In order to not spiral out of control and send yourself to the hospital when deciding to come off antidepressants, a meticulous and tenacious weaning-off plan is in order. Firstly, you’ll need to reduce your dosage every 4-6 weeks until you are on the least possible dosage. This could take anywhere from 3-6 months. Then you would take one pill every other day, and then every 2-3 days, then every 4-5 days, etc., etc., which could take a further 2-4 months at best. It’s a process and a half.
7. Antidepressants and alcohol: You’re not really supposed to drink while on Antidepressants.
If you like a drink, this part will probably suck the most. It’s not like being on antibiotics where you can count down the days till you can get your face in a cocktail. Antidepressants are a long-term treatment during which drinking alcohol is not advised. Alcohol can make depression worse, increase the side effects of antidepressants, counteract the benefits of the medicine, wear down the treatment’s efficacy and, in effect, elongate the treatment time.
8. Antidepressants don’t make you happy
Another rumour about antidepressants is that they give you a daily dose of happy. While they don’t do that exactly, they do make you see clearer, gain some perspective (not sweat the small stuff) and provide a welcome break from the relentless and oppressive darkness of depression. Antidepressants restore the balance of the brain chemicals serotonin and noradrenaline, the lack of which are believed to cause depression.

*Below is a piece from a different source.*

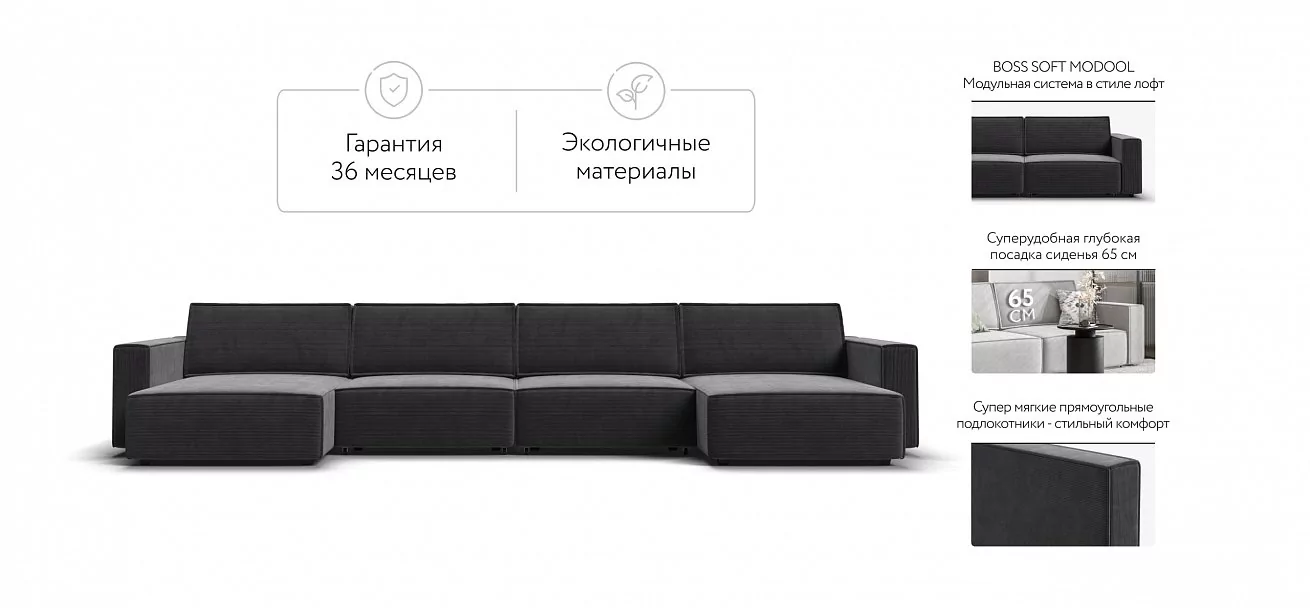 П-образный диван Босс Софт Модуль Вельвет Корд графит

9. If you’re on antidepressants, people think you’re either weak or a complete nut job.
It can be hard for people to admit taking antidepressants because of the outdated common belief that people who take them are emotionally weak and have an inability to deal with their problems. These misinformed people don’t believe that depression is a real illness and definitely don’t believe that taking antidepressants helps. Instead of being given a standing ovation (did you read the part about how difficult it is to even start them?), more often than not it’s perceived as a sign of weakness.
'When depression interferes with your ability to function normally, seeking treatment is not a sign of weakness. It’s a sign of good self-care.' - WebMD
Despite the difficulties that come with taking antidepressants, taking the quality of your life into your own hands and not letting the demon that is depression eat you alive is definitely worth a trophy. You, my friend, are a champ. Kudos.